DIALEKSIS.COM | Banda Aceh - Direktur Forum Bangun Investasi Aceh (Forbina), Muhammad Nur, SH., angkat bicara terkait aktivitas tambang galian C ilegal di kawasan Luengbata, Kecamatan Banda Raya, Banda Aceh, yang diduga mendapat dukungan dari oknum aparat kepolisian.
Dalam pernyataannya kepada Dialeksis, Muhammad Nur menyampaikan keprihatinan mendalam atas pembiaran tambang ilegal yang telah merusak lingkungan dan merugikan masyarakat setempat. Ia juga mengecam dugaan keterlibatan oknum aparat yang justru menjadi pelindung kegiatan melawan hukum tersebut.
“Ini bukan lagi sekadar persoalan tambang ilegal, tapi juga soal bobroknya integritas penegak hukum jika benar ada oknum polisi yang memback-up. Ini harus dihentikan segera, sebelum kerusakan bertambah parah,” tegas Muhammad Nur kepada Dialeksis saat dihubungi, Kamis (24/7/2025).

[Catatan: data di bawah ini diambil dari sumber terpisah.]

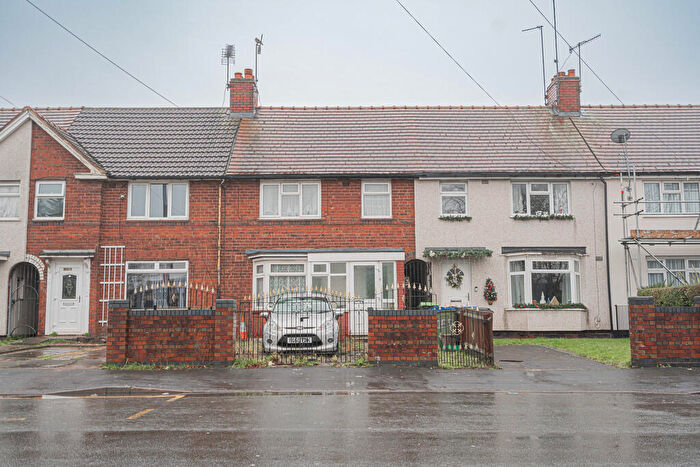 3 Bedroom Terraced House For Sale In Halfords Lane, West Bromwich, B71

Menurutnya, praktik galian C ilegal tidak hanya menyalahi aturan, tetapi juga mencederai upaya pemerintah dalam menjaga tata kelola investasi dan lingkungan hidup yang berkelanjutan. Ia menilai, jika dibiarkan terus berlangsung, aktivitas semacam ini akan menjadi preseden buruk bagi penegakan hukum di Aceh.
Muhammad Nur juga mendesak Pemerintah Kota Banda Aceh, khususnya Wali Kota, untuk bersikap tegas dan memberikan instruksi penghentian aktivitas tambang ilegal di Luengbata. Ia menilai pernyataan Camat Banda Raya yang meminta arahan kepada wali kota menunjukkan lemahnya keberanian otoritas lokal dalam menindak pelaku pelanggaran.
“Ini waktunya wali kota menunjukkan keberpihakan pada kepentingan rakyat dan kelestarian lingkungan. Tidak cukup hanya arahan, tapi perlu tindakan konkret dan penegakan hukum tanpa pandang bulu,” ujarnya.
Lebih lanjut, ia menekankan pentingnya evaluasi terhadap aparat di lapangan, baik sipil maupun kepolisian, yang dinilai lalai atau bahkan terlibat dalam pembiaran aktivitas ilegal tersebut. Forbina, kata dia, mendorong agar ada investigasi independen untuk mengungkap pihak-pihak yang bermain di balik tambang ilegal tersebut.
“Kita bicara soal keberlanjutan kota. Jika ini dibiarkan, dampaknya bukan hanya pada lingkungan, tapi juga akan mematikan iklim investasi yang sehat di Aceh,” katanya.
Dalam konteks yang lebih luas, Muhammad Nur menilai bahwa tambang ilegal kerap menjadi “ladang basah” bagi aktor-aktor tak bertanggung jawab, baik dari kalangan swasta maupun oknum aparat. Ia meminta agar seluruh stakeholder bersatu menolak praktik-praktik seperti ini demi masa depan pembangunan yang bersih dan beretika.
“Ini menjadi ujian bagi komitmen kita terhadap hukum dan tata kelola pemerintahan yang baik. Jangan sampai Banda Aceh menjadi contoh buruk karena ketidakberanian menindak pelanggar aturan,” pungkasnya.